Input:
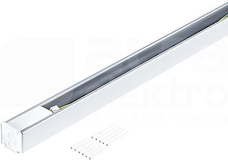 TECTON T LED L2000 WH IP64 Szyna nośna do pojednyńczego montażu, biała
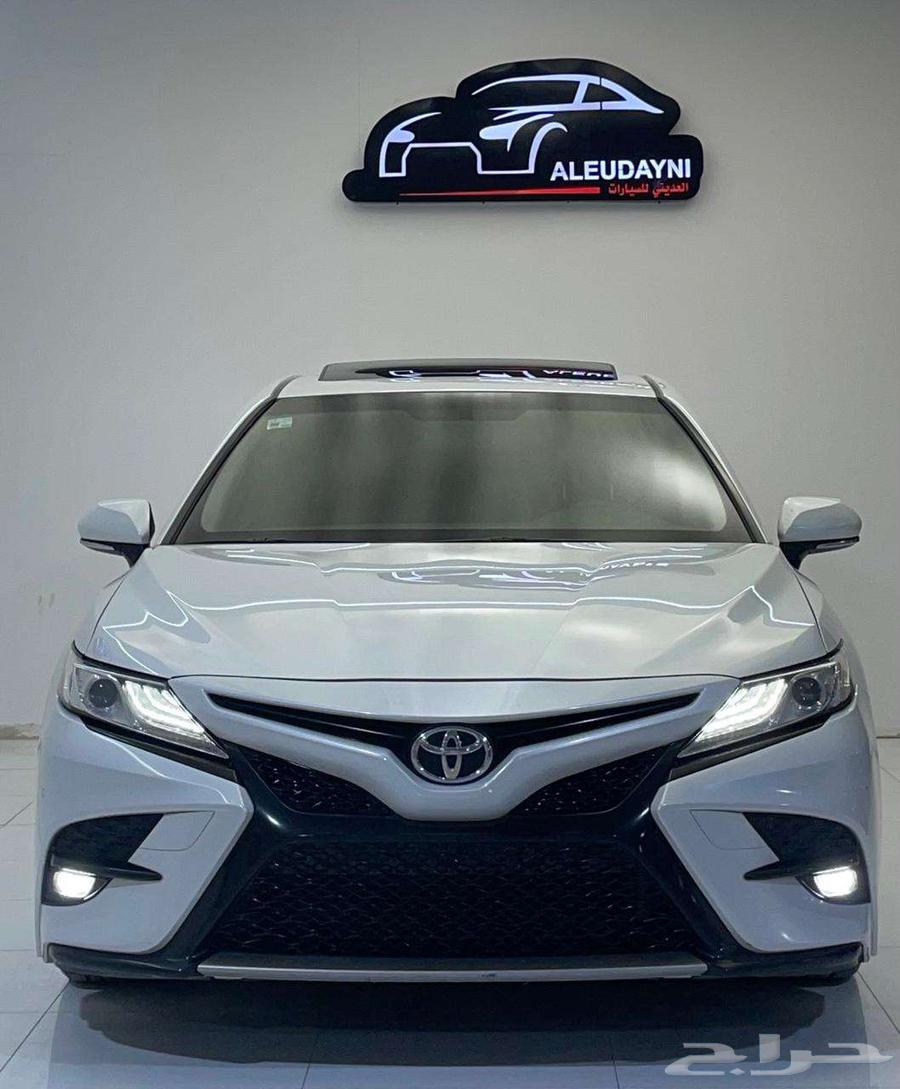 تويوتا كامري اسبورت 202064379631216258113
* * *
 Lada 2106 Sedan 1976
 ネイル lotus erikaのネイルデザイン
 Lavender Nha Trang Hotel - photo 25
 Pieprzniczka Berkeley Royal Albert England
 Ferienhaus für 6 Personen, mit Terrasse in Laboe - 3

Exercise directions:
Reproduce exactly the section above that begins at the line containing "Lavender Nha Trang Hotel - photo 25" and ends at the line containing "Ferienhaus für 6", leaving out all other lines.

Worked solution:
 Lavender Nha Trang Hotel - photo 25
 Pieprzniczka Berkeley Royal Albert England
 Ferienhaus für 6 Personen, mit Terrasse in Laboe - 3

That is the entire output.